Unter den ältern Knaben der Zisterzienserschule, in der Pendennis erzogen wurde, waren viele, die sich alle Privilegien von Erwachsenen anmaßten, lange bevor sie die Anstalt verließen. Viele von ihnen rauchten zum Beispiel Zigarren – und einige hatten schon Räusche gehabt. Einer hatte infolge eines Streites im Theater ein Duell mit einem Fähnrich eines durchmarschierenden Regiments gehabt – ein anderer hielt sich tatsächlich einen Wagen und ein Pferd in einem Mietsstalle im Covent Garden, und konnte jeden Sonntag im Hyde Park gesehen werden, wie er mit einem Groom in Livree dahinfuhr. Viele von den älteren Schülern hatten Liebesaffären und zeigten einander im Vertrauen Gedichte, die sie auf junge Damen gemacht, oder Briefe 32 und Haarlocken, die sie von denselben erhalten hatten. – Pen aber, ein bescheidener und schüchterner Jüngling, beneidete diese Helden eher, als daß er es ihnen nachtat. Er war bisher noch nicht über die Theorie hinausgekommen – die Praxis des Lebens lag noch vor ihm.
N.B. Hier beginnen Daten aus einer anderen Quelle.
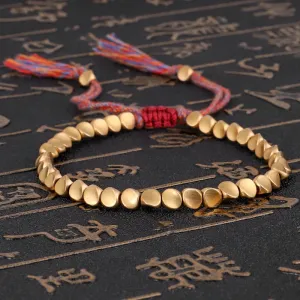 Unisex Cotton Rope Braided Copper Beads Geometric Bracelet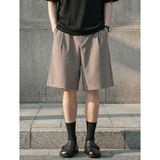 短裤男夏季款复古老钱打褶休闲五分裤简约宽松中裤OK2602-P40控75，男装休闲裤，电商A362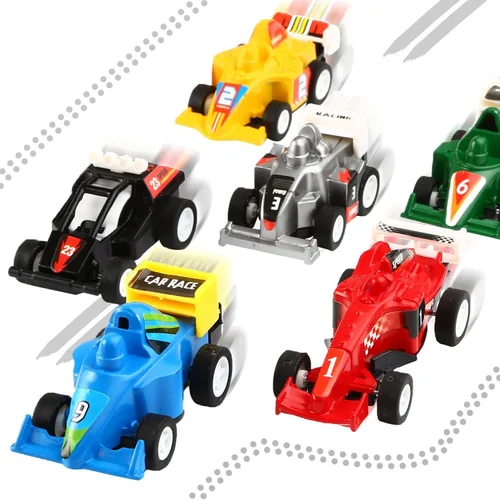 Miniatura 7 de Yeonha Toys Vehículos, Vehículos Pull Back, 12 unidades, Vehículos de construcción y de carrera de juguete, variados, camión, mini auto de juguete
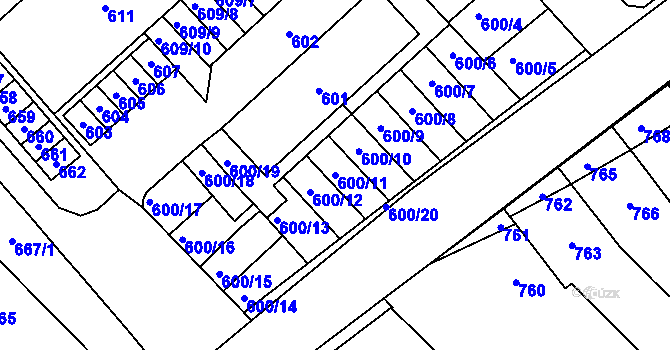 Parcela st. 600/11 v KÚ Měřín, Katastrální mapa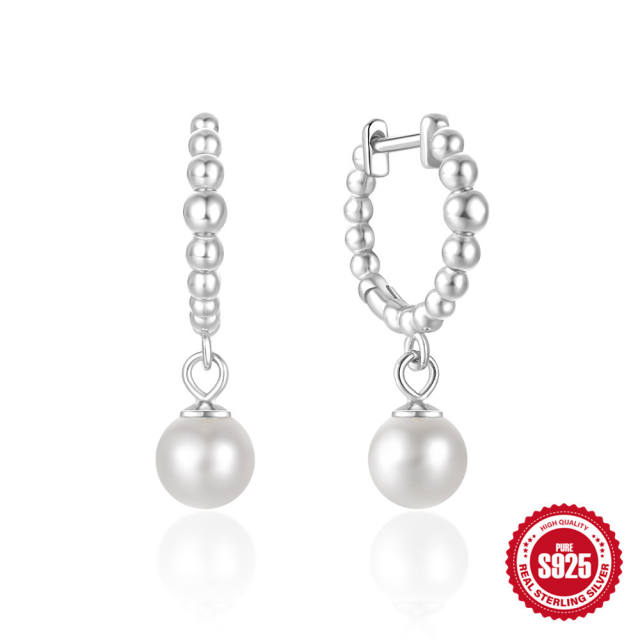 925 sterling silver delicate pearl drop huggie earrings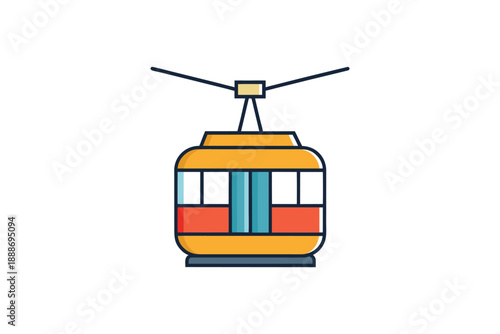 Front view of yellow and red cable car with blue windows, minimalist vector illustration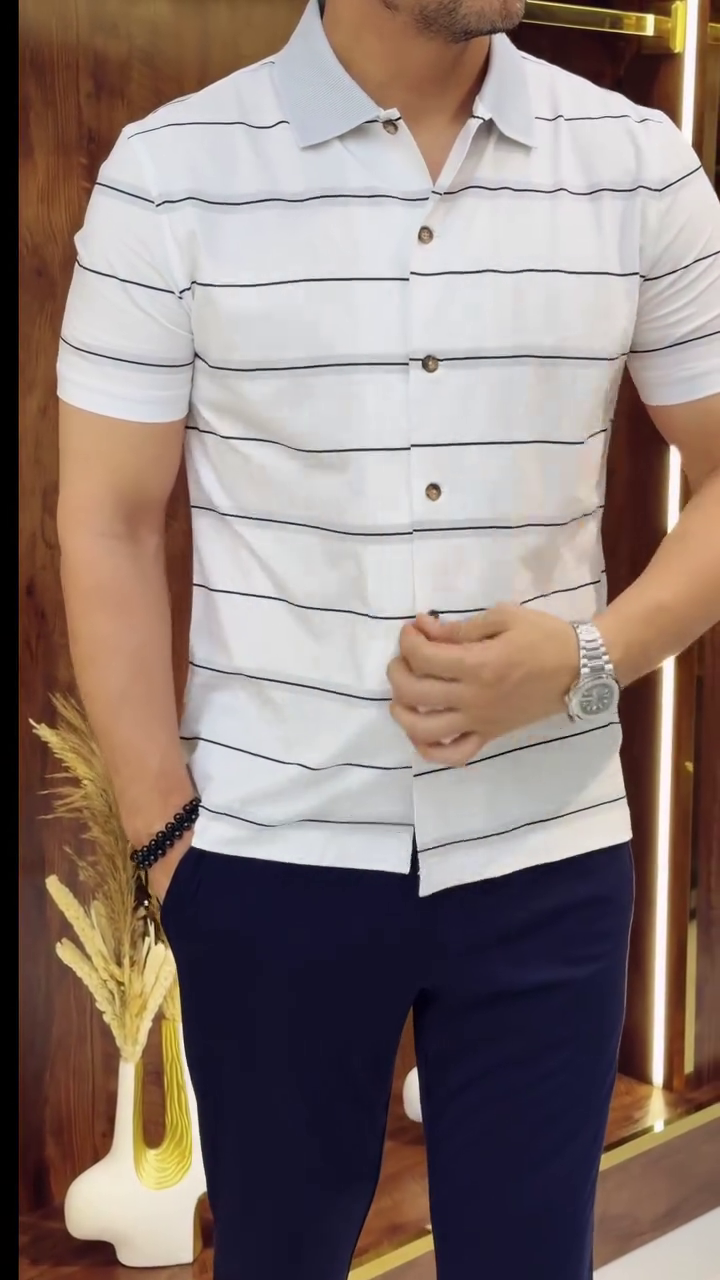 Classic White Slim Fit Horizontal Striped Spread Collar Cotton Casual Shirt - Image 10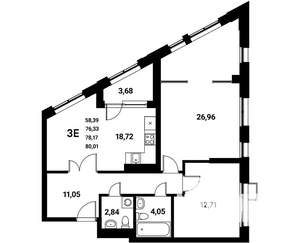 3-к квартира, строящийся дом, 78м2, 3/21 этаж
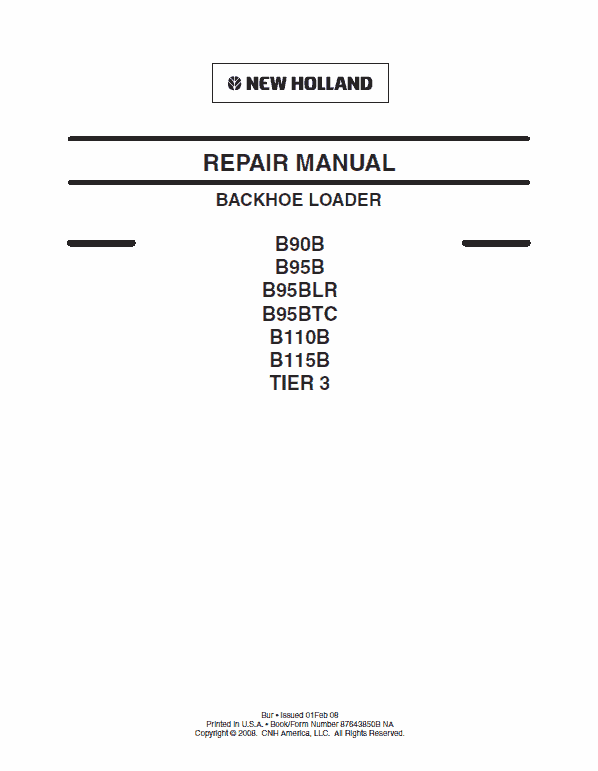 New Holland B90B, B95B, B95 BLR, B95 TC Backhoe Loader Service Manual Workshop Guide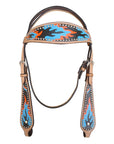 HILASON Western Horse Leather Headstall and Breast Collar Set Turquoise Flame| Headstall Bridle for Horses Western | Horse Headstall Bridle | Western Headstalls Bridle for Horses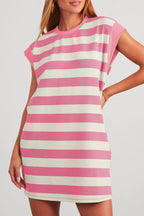 Striped Cap Sleeve Shift T Shirt Dress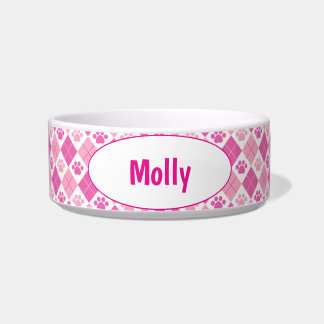 Customized Pink Argyle Paw Print Bowl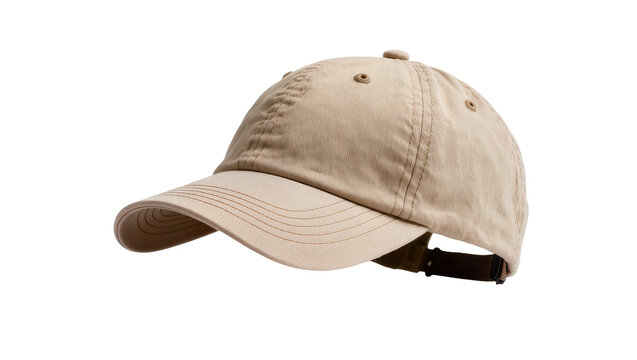 Worn beige baseball cap with slightly curved brim and adjustable strap, isolated on transparent background for apparel mockups and fashion designs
Und, beiläufig erwähnt, ihr zärtlichen Mütter und ihr redlichen Väter christlicher Familien, es ist ein wunderlich Ding um diese Theorie vom Leben, wie man sie mündlich auf den großen öffentlichen Schulen lernt. Oh, wenn ihr diese Knaben von vierzehn Jahren hören könntet, die vor Müttern erröten und in der Gegenwart von deren Töchtern kein Wort hervorzubringen wissen, und sich blöde davonschleichen, – ihr müßtet sie unter sich reden hören, dann würde an den Frauen die Reihe des Errötens sein. Ehe er zwölf Jahr alt war, hatte der kleine Pen genug erzählen gehört, was ihn in gewissen Dingen ganz furchtbar klug machte – und so, Madame, steht es auch mit Ihrem hübschen kleinen rotbäckigen Sohn, der zu den nächsten Ferien aus der Schule nach Hause kommt. Ich sage damit nicht, daß der Knabe verloren ist, oder daß die Unschuld, die ihn vom »Himmel, der unsre Heimat ist«, verliehen wurde, von ihm gewichen sei, wohl aber, daß die Schatten des Gefängnisses sich näher und näher über ihm zusammenziehen, und daß wir soviel als möglich beitragen, ihn zu verderben.

Genug – Pen hatte sich eben zum erstenmal öffentlich in einem Rock mit Schößen, cauda virilis, gezeigt, und sah mit größter Aengstlichkeit in seinen kleinen Spiegel, ob nicht bald der Backenbart herauskäme, wie bei seinen glücklicheren Genossen. Anstatt der feinen Stimme, mit der er zu sprechen und zu singen pflegte 33 (denn seine Singstimme war sehr lieblich und er ließ sich gewöhnlich nicht lange bitten, »Heimat, süße Heimat«, »mein hübscher Page«, oder ein oder das andere französische Lied, das ihn seine Mutter gelehrt hatte, und irgendeine Ballade zum Vergnügen der älteren Mitschüler vorzutragen) hatte sich plötzlich ein tiefer, von Zeit zu Zeit durch ein heiseres Quieken unterbrochener Baß eingestellt, der Lehrer und Schüler zum Lachen brachte – kurz, er war sechzehn Jahre alt, als er plötzlich von seinen akademischen Studien abgerufen wurde.

Es war gegen Ende der Vormittagsschule, und Pen war während des ganzen vergangenen Morgens unaufgerufen geblieben bis jetzt, als der Doktor ihn in einem griechischen Stücke den Satz konstruieren ließ. Er wußte kein Wort davon, obwohl der kleine Timmins, sein Banknachbar, ihm mit aller Macht vorsagte. Pen hatte einen oder zwei Böcke geschossen, als der gewaltige Fürst der Schule auf ihn losdonnerte.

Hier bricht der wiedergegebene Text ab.